• Comments Off on Letter in response to Elizabeth Zimmer’s “Anatomy of Melancholy”
  • MRPJ Project
  • 4.3.07

Letter in response to Elizabeth Zimmer’s “Anatomy of Melancholy”

Kate Mattingly

For almost 10 years I wrote for Elizabeth Zimmer as a freelancer and, before that, worked as her intern at The Voice. I learned a tremendous amount about writing, editing and the New York dance scene. I have watched dance coverage at The Voice shrink while it grew at publications like Time Out. This is due, I think, to Gia Kourlas’ writing and her ability to find performances and ideas that connected with readers of the magazine.

In Gia’s own words, “when I started, the magazine pretty much allotted me 1 to 1.5 pages a week, with the understanding that sometimes I would have a preview story and sometimes nothing. It was a part-time position. I decided that I would write a story every week–I knew that as a start-up the magazine would be needy for stories—and thought that if I just did it, my employers would get used to it and finally expect it. It’s been consistently 3 pages for many years.”

Although Zimmer struggled with an editor-in-chief who was inexperienced in terms of dance, he was open to ideas that applied to a wider readership. I took this as an opportunity to find performances and choreographers with stories that connected to events in the world at large: two such articles I wrote for The Voice were visa changes for artists after 9/11 and how performers like Bill Shannon turned disability into opportunity. These articles appeared as “features” instead of reviews and so they did not take space away from the dance reviews.

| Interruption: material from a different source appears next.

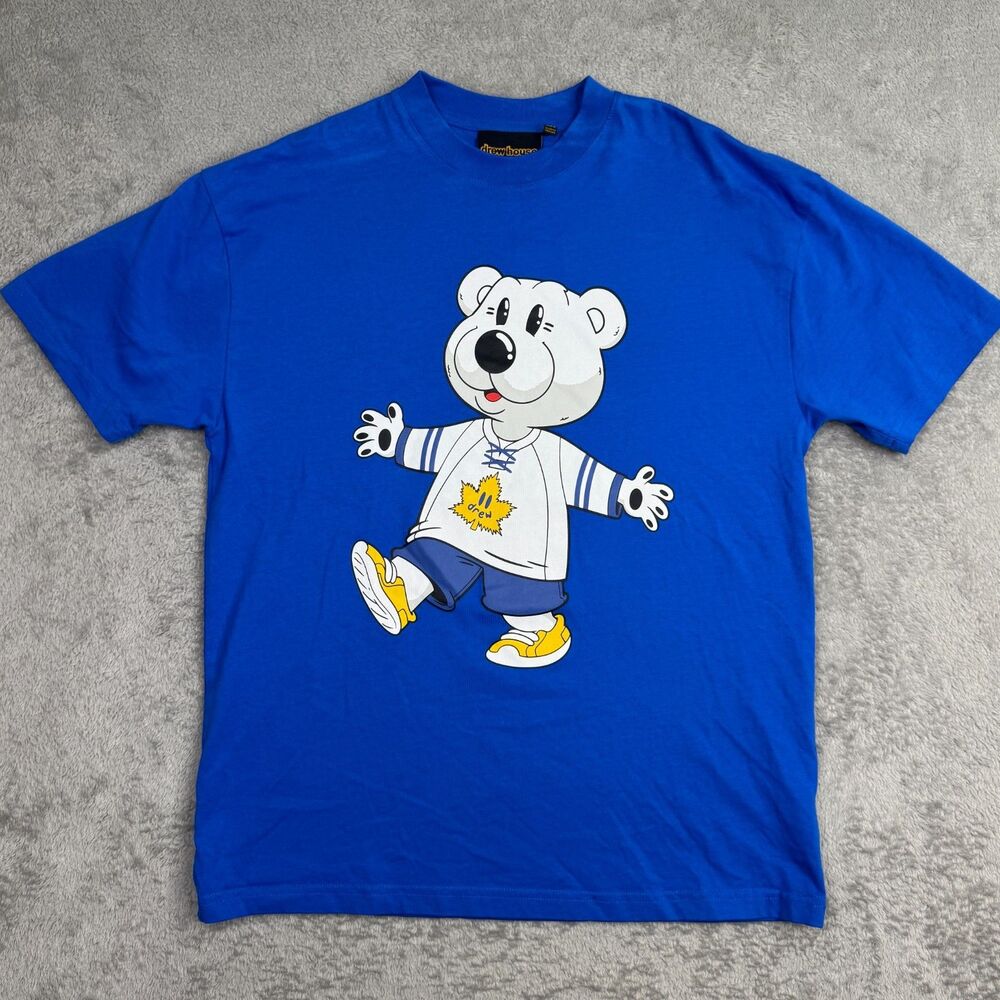 Drew House Toronto Maple Leafs Carlton The Bear T-Shirt Mens 2XS Blue Graphic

When Elizabeth writes “I can now usually tell, just by looking at a press release, whether the event in question is going to be worth my time,” I tend to disagree. I know of several choreographers who are brilliant at shaping an idea into bodies and space and terrible at putting words into marketing ideas. How is saying that a press release is a reflection of the performance different from saying a book is its cover?

Today I enjoy reading critics who reflect the ideas and sensibilities of the artists making the work: for many decades at The Voice, Jill Johnston and Deborah Jowitt reigned supreme as the critics in touch with downtown artists. Now there are younger creators, different ideologies in the work and newer publications (like Time Out) with editors and writers who engage, transcribe and propagate their creations. When Elizabeth writes that she “lost” her appetite for dance, this does not mean New York lacks inspiring performances. Perhaps it is because there has been a generational change and performances today reflect cultural references and proposals different from those Elizabeth enjoyed 10 or 20 years ago.

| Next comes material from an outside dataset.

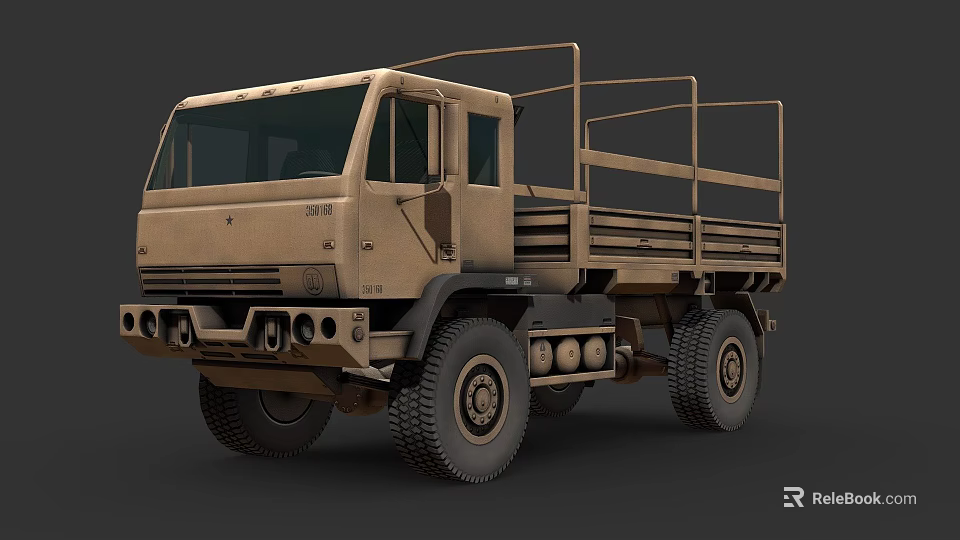 Khaki Military Truck With Open Cargo Bed And Rugged Six Wheel Design 3d model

As life goes on, many of our priorities shift. Right now I’d much rather take the risk that a live performance will not be stellar than stay at home to read or sleep. The opposite is true for other people; Elizabeth seems to desire “time to read, to sleep, to do my own workout.” This does not mean that New York’s dance world lacks creativity (although it may lack access to print space for young writers with an ability to transform ideas into words).

Every time a colleague or student emails me Elizabeth’s article I want to reply with all the points I find untrue or disagree with in the piece. I have no idea of what really happened during the staff changes at The Voice. Perhaps the paper’s management chose which editors to fire based on structural changes or interoffice diplomacy rather than dance coverage.

I am grateful The Voice continues to print Jowitt’s reviews and I appreciate everything I learned from my work with The Voice. I find the ideas Elizabeth expresses in her piece to be a reflection of one ex-editor’s lack of interest in contemporary performance. This does not mean that there is a dearth of ideas in New York’s dance scene.